■ Assignment:
Only one span of the material below is wanted. Output it exactly, from the line with "Toyota Genuine OEM" through the line with "リンメル撤退説の真相は？販売終了の理由と店舗在庫を徹底取材", without any pictures.

■ Excerpted records:

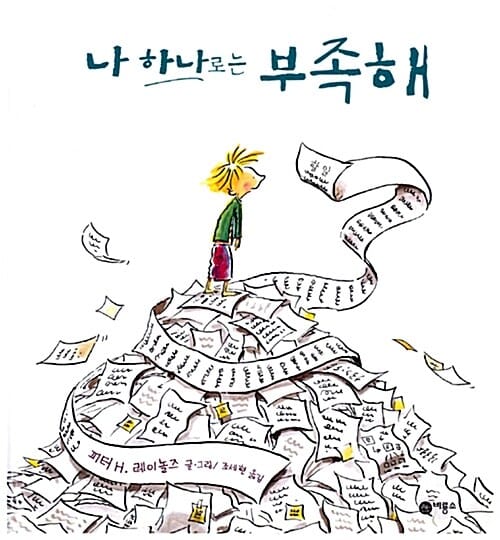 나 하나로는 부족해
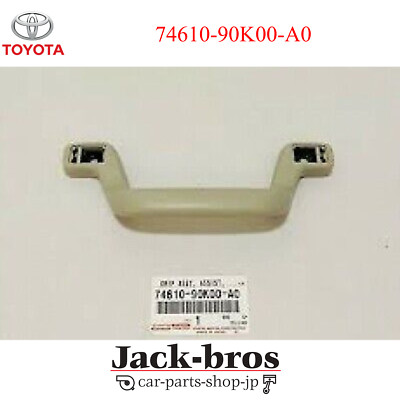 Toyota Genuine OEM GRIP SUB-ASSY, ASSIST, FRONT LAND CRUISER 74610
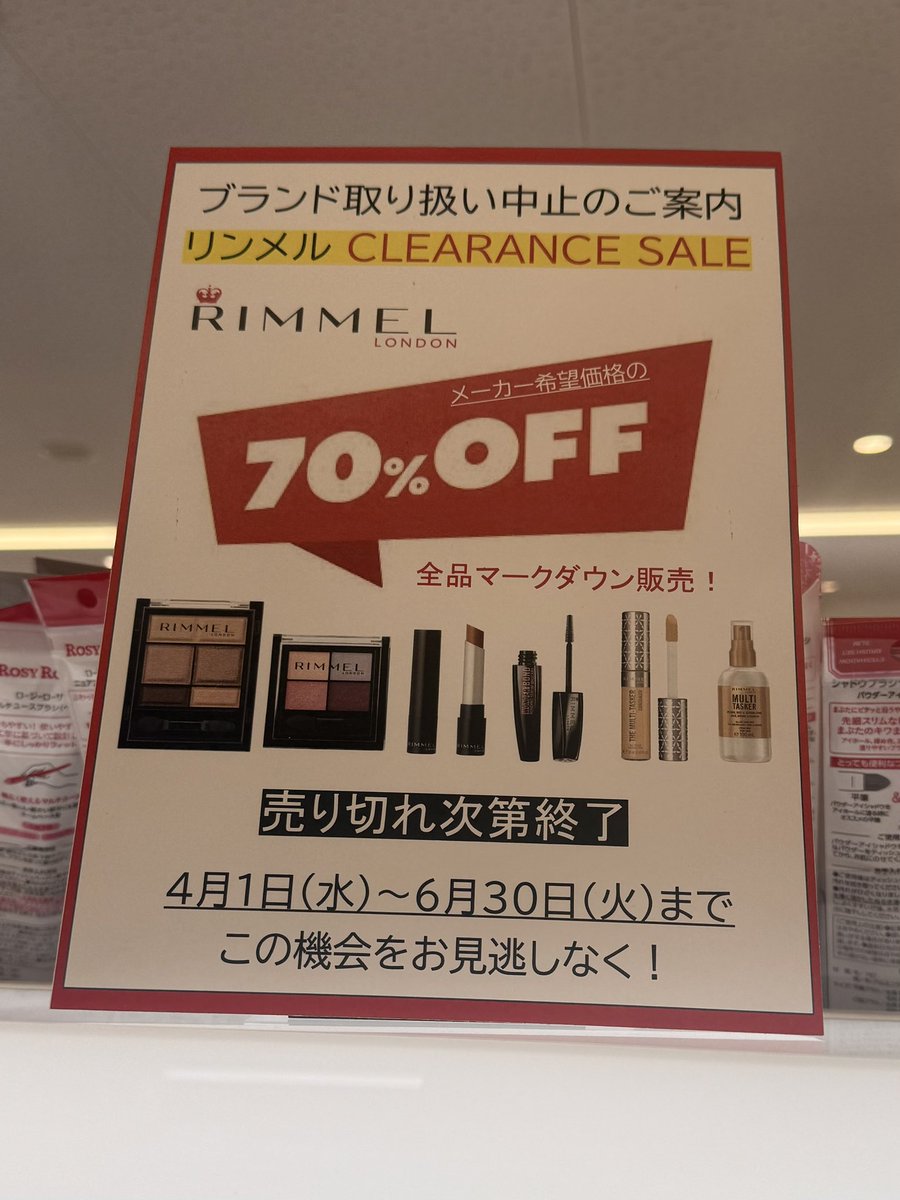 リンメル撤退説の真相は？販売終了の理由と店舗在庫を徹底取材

---

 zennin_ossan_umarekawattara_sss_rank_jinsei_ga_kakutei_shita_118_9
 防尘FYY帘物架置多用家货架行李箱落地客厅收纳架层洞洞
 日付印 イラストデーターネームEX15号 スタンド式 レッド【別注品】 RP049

■ Answer to this task:
 Toyota Genuine OEM GRIP SUB-ASSY, ASSIST, FRONT LAND CRUISER 74610
 リンメル撤退説の真相は？販売終了の理由と店舗在庫を徹底取材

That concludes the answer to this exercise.